The most prominent tool we are going to use is the Psychopathy Checklist-Revised (PCL-R). We will do an interview with the offenders and then evaluate how well or how high they score on the PCL-R, which is known to be one of the best predictors of criminality, recidivism and violence.
That’s really useful because, immediately, if we see somebody scoring very high on the PCL-R—regardless of the crime they are charged with—indicating high risk of certain types of behaviors, we will convey that to the jail, and they are much more likely to be assigned to the high-security areas within the jail. We will also recommend treatment and therapy for inmates based upon other issues identified in the assessments, to help treat them while in jail and prevent recidivism and misconduct.
Other assessments include suicide and risk inventories, and evaluations of their backgrounds and trauma in childhood, since we know the most severe offenders typically have had a very traumatic childhood.
What are some of the questions on the PCL-R questionnaire?
The PCL-R is comprised of 20 items, which fall into four broad categories called “Facets.” Facet 1, the Interpersonal Facet, will ask questions related to traits like grandiose sense of self-worth or pathological lying.
The Affective Facet will try to see whether inmates show lack of remorse or empathy among others;
Whether inmates indulge in things like a parasitic lifestyle or exhibit a constant need for stimulation, promiscuous sexual behavior and lots of impulsivity will be revealed by questions of the Lifestyle Facet.
Facet 4, the Antisocial Facet, will look at characteristics like poor behavioral control, juvenile delinquency and criminal versatility.
In the context of psychopathy, how will you control for lying?
Since pathological lying is so characteristic of psychopaths, it’s really important that we don’t just rely on whatever the interviewee tells us. We also typically don’t ask direct questions, such as ‘Are you a pathological liar?’ or ‘Do you fail to accept responsibility for your actions?’ Instead, we ask questions that indirectly get to the interviewee’s character and events in their life.
For instance, asking why they are in jail, we get to hear their side of the story, and compare it to the arrest report in the file. Sometimes there are minor discrepancies, which aren’t indicative of pathological lying. In one conversation with a psychopath, he completely misrepresented the entire fact pattern surrounding his case. In some ways he was exaggerating his criminality and ‘toughness,’ and also shifting blame entirely to the victim and others—despite it being clear the victim was a stranger and did nothing to deserve it.
It takes a lot of training and experience to be able to assess the validity of each of these items, and even then we always have two raters in every interview to compare how two trained interviewers rate the same person. Sometimes people pick up on different things, so by having measures of inter-rater reliability, we ensure the accuracy of our assessments increases. Many of us also learn a lot about body language, non-verbal and verbal indicators of deception to help identify if someone is lying.
Were there any ethical concerns about the project? How smooth was the process to get it off the ground?

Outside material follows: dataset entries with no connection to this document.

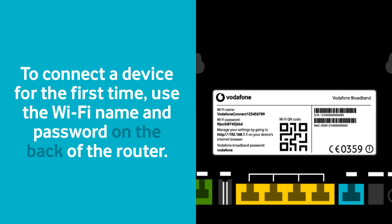To connect a device for the first time, use the Wi-Fi name and password on the back of the router.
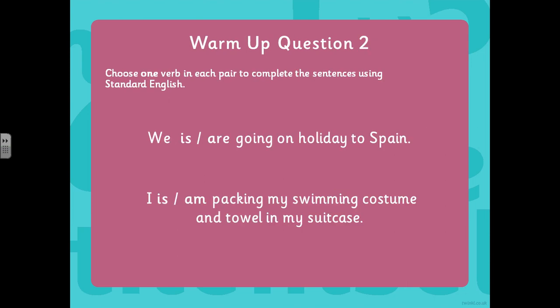Can you write warm-up question two into your English books now, please? For this question, you need to choose one verb from each pair. So: 'We ___ going on holiday to Spain' — you need to choose is or are. 'I ___ packing my swimming costume and towel in my suitcase' — you need to choose is or am. We should have gone for 'we are going on holiday to Spain' because the subject we is plural. And for the second one, 'I am packing my swimming costume and towel in my suitcase' because this time it's singular. Well done if you got that right.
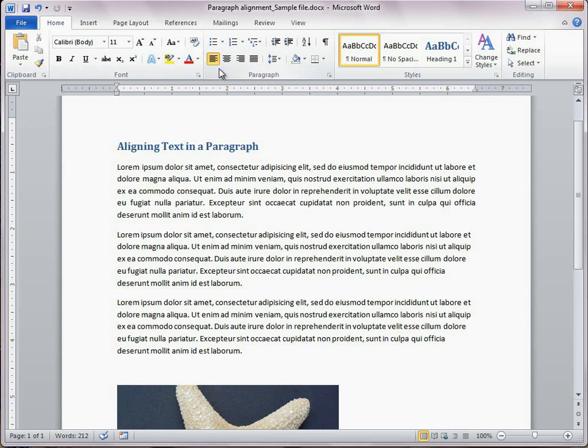Align left begins each line of text at the left margin. Left alignment is the default setting in Word.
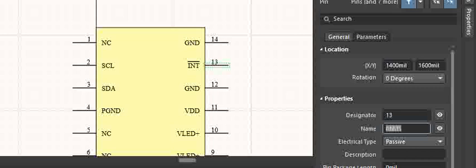This can be done in Altium to have a bar over pin name. Thank you.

We had to get permission from the Pasco County Sheriff’s Office, which runs the jail our research will be conducted in. We also had to get an approval from the University of South Florida and we had to go through a process called the Institutional Review Board, which reviewed every single thing we wanted to do with the inmates and made sure we aren’t taking advantage of them, harming or traumatizing them or doing anything inappropriate to them during our research.

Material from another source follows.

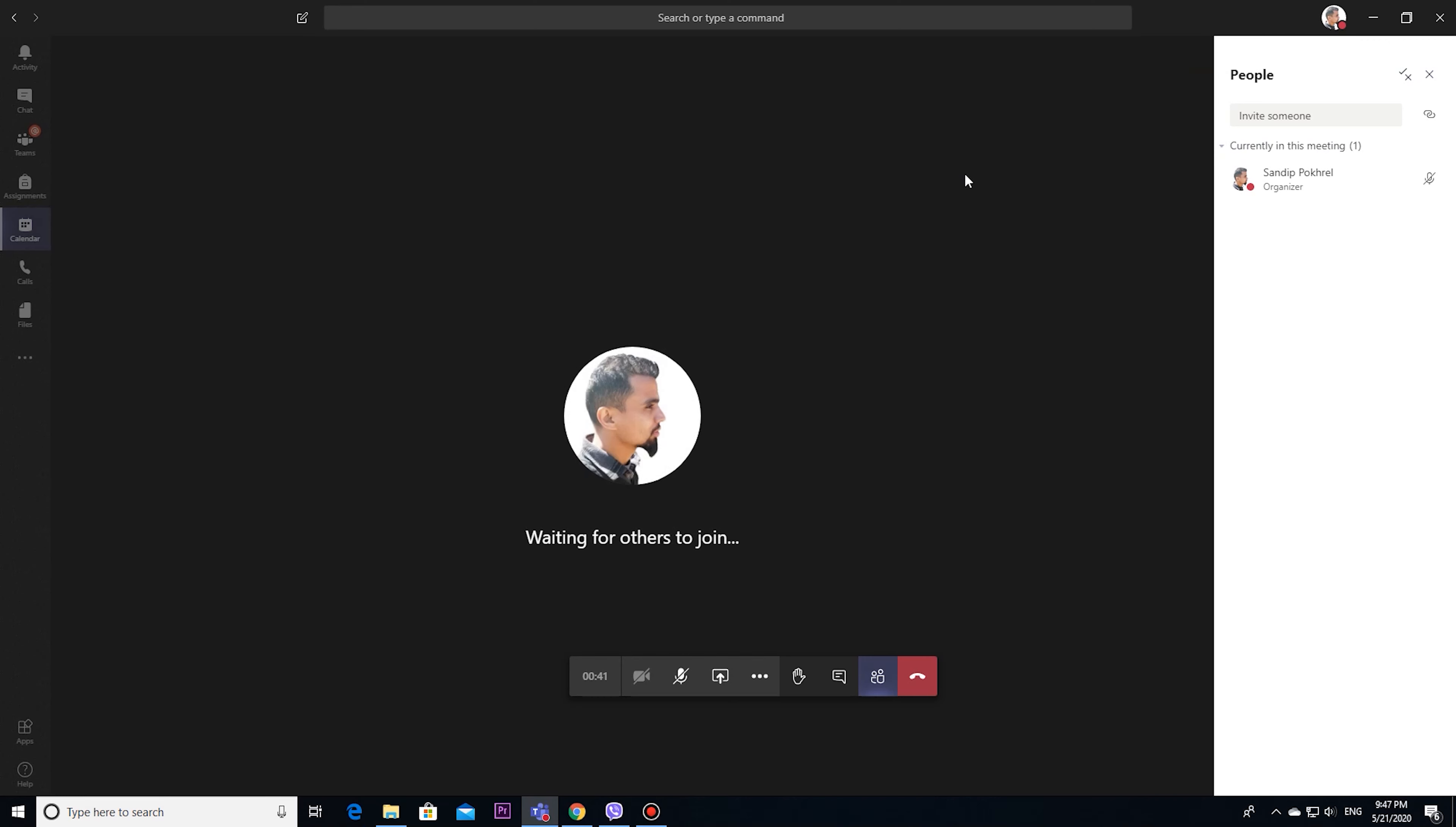Let's have a look at the latest features. Here we can see nine person view during meeting.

It was really difficult to get the project off the ground because we are doing research on actual people, which is really challenging because you have to get their consent. Based off the Belmont Report which came out after the Nuremberg trials, inmates are a protected population. When you want to do research on a protected population, such as inmates, you have to go through a lot more approvals than if you were just doing research on, say, chemicals.
When should we expect the first findings from your research?
The project is never-ending, but maybe next summer. We will probably have at least 400 to 500 cases done by then.